Kreistagssitzung als „Meilenstein“
Nach den Worten von Rathaussprecherin Annika Röttinger stellen bei der Entwicklung einer ÖPNV-Vision für Murnau die übergeordneten Pläne des Landkreises Garmisch-Partenkirchen und der Bayerischen Staatsregierung einen wesentlichen Aspekt dar. „Nur wenn alle Planungen schlüssig ineinander greifen, kann am Ende ein attraktives Angebot im ÖPNV entstehen.“ Daher sei für den Markt Murnau ein wichtiger Meilenstein für die weitere Vorgehensweise die Beratung im Kreistag im Dezember 2022 gewesen. Damals wurde ein On-Demand-Verkehr fürs Blaue Land beschlossen. Die Kommune sei noch vorher tätig geworden und habe einen Workshop mit dem Marktgemeinderat abgehalten. „So konnte in Murnau im Vorfeld zu einem möglichen Beschluss im Kreistag bereits eruiert werden, welche Konzepte für Murnau realistisch sind und worin der Bedarf besteht.

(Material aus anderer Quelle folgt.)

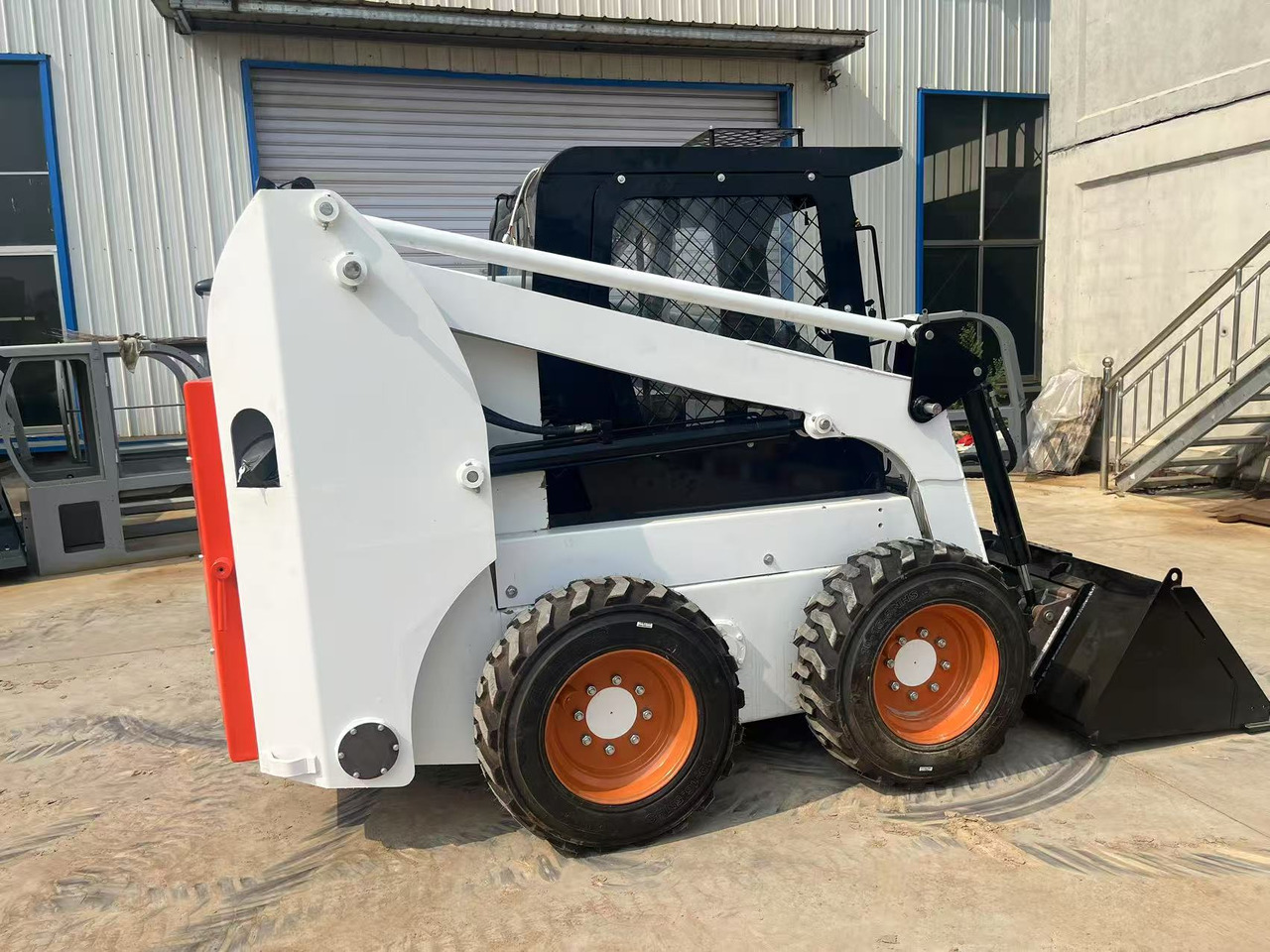 BOBCAT S450 S550 S18 BRAND NEW - Šmykom riadený nakladač: obrázok 5 BOBCAT S450 S550 S18 BRAND NEW - Šmykom riadený nakladač: obrázok 5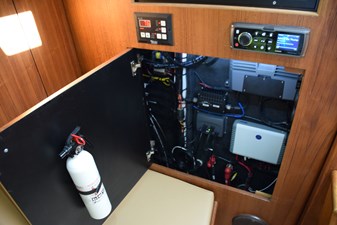 CAZADORA 38 Organized Wiring and Electronics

Ohne den Beschluss des Kreistags im Dezember konnte allerdings kein Konzept fertig erarbeitet werden, da alle diese Faktoren zusammenhängen.“
Bürgermeister Rolf Beuting (ÖDP/Bürgerforum) bestreitet übrigens, dass es keine Datengrundlage vor der Ratsentscheidung über die Verlängerung des Ortsbusses gegeben habe. Im Vorfeld „lagen die Informationen aus den Workshops zu den verschiedenen ÖPNV-Möglichkeiten vor. Eine fundierte Entscheidung des Marktgemeinderates war daher möglich.“ Zudem sehe er das ÖPNV-Konzept „als lebendigen Prozess, in dem Beratungen sicherlich auch weiterhin fortgeführt werden sollten“.